En ce qui concerne l'exactitude des faits mentionnés dans l'explication susmentionnée, vous ne pouvez du reste évidemment pas vous prononcer dans le cadre de la procédure préjudicielle.

g) Enfin, nous observerons encore que la directive 64/432/CEE, mentionnée par le juge de renvoi, a en l'espèce moins d'importance, étant donné qu'elle concerne le transport de bétail sur pied, tandis que, ainsi qu'il ressort de ce que la Commission a déclaré au cours de la procédure orale, la directive 64/433/CEE a été modifiée par la directive 69/349/CEE (JO L 256, 1969, p. 5).

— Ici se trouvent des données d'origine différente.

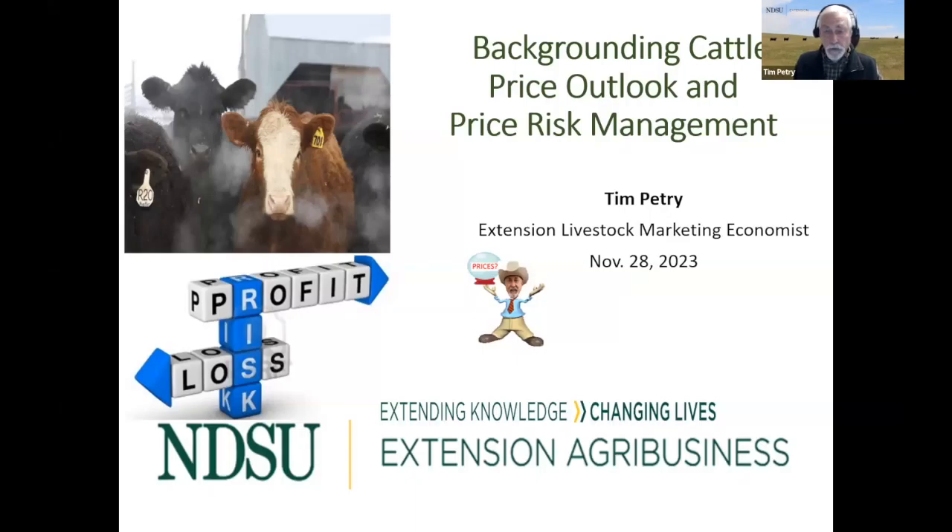Great to be with you. Tim Petrie, Extension Livestock Marketing Economist. When we're visiting about this webinar, we have record high cattle prices and record high volatility as well, so we thought it would be good to discuss some of that. I'm going to give a quick update on cattle price outlook for feeder cattle and also do a little bit on price risk management.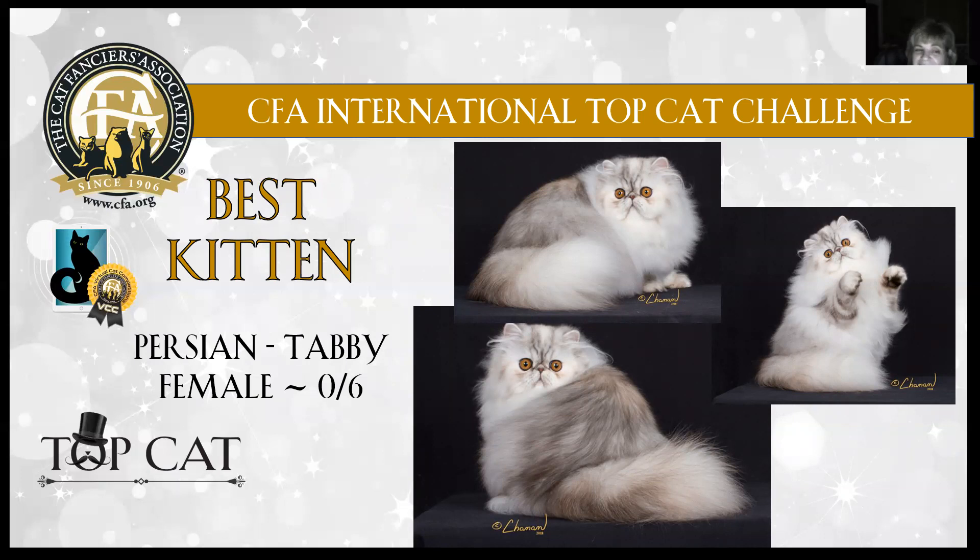Persian tabby — best kitten. This is a female, six months old. She is glorious. For six months old she's fully coated — long, flowing coat. She's showing you her short little tail. Round, big copper eyes. Beautiful muzzle on her, so smooth and clean. She's got short little legs, short body, round-tipped ears spaced well apart. She's just beautiful and I love these photographs. My best kitten at the CFA International Top Cat Challenge is this Persian tabby female — absolutely stunning. Thank you, everybody, for entering your beautiful kittens and giving me this opportunity to judge them.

h) Bien qu'aucune des procédures principales ne concernait le bétail sur pied, le juge de renvoi a apparemment estimé que la directive 64/432/CEE avait aussi une importance indirecte pour les questions posées.

2. Réponses aux questions posées

Pour les réponses aux questions ainsi précisées, nous mettons en avant le fait qu'il résulte de votre jurisprudence que dans la Communauté l'article 36 du traité CEE ne permet pas que des contrôles sanitaires nationaux aient lieu d'une manière systématique et illimitée dans le pays importateur, même lorsqu'aucune directive d'harmonisation n'existe en ce qui concerne les contrôles sanitaires. Outre le principe de proportionnalité et les obligations de tenir alors aussi compte de contrôles équivalents
dans le pays exportateur, les interdictions de discriminations arbitraires et de restrictions déguisées aux échanges sont importantes ici. A notre avis, il y a également discrimination prohibée lorsque le contrôle de l'état des marchandises à la fin du parcours intérieur a lieu moins fréquemment ou est effectué sur le lieu réel de la commercialisation, tandis que les contrôles de la viande importée s'effectuent habituellement en un lieu du territoire national autre que le lieu réel de destination et
que les produits importés, qui ont fait l'objet d'un contrôle, doivent ensuite être rechargés, avec tous les risques que cette interruption du transport comporte pour l'état de la viande et que la Commission a soulignés avec raison au cours de la procédure orale. Pour éviter qu'on ne puisse penser que toute forme de contrôle national est compatible avec le droit communautaire pour autant que les directives ne contiennent pas de dispositions en la matière, il nous paraît souhaitable que vous
indiquiez aussi en termes généraux dans votre réponse les limites de droit communautaire existant dans ce cas, d'autant plus que les directives d'harmonisation, telles que celles dont il s'agit en l'espèce, ne peuvent nullement avoir pour but ou effet de remplacer les articles 30 à 36 par d'autres restrictions à la liberté de contrôle des États membres. Au contraire, elles peuvent seulement avoir pour effet de restreindre encore plus les mesures de contrôle nationales restrictives des échanges, qui
sont encore permises par l'article 36 (cf. votre arrêt dans l'affaire de Peijper, 104/75, Recueil 1976, p. 613).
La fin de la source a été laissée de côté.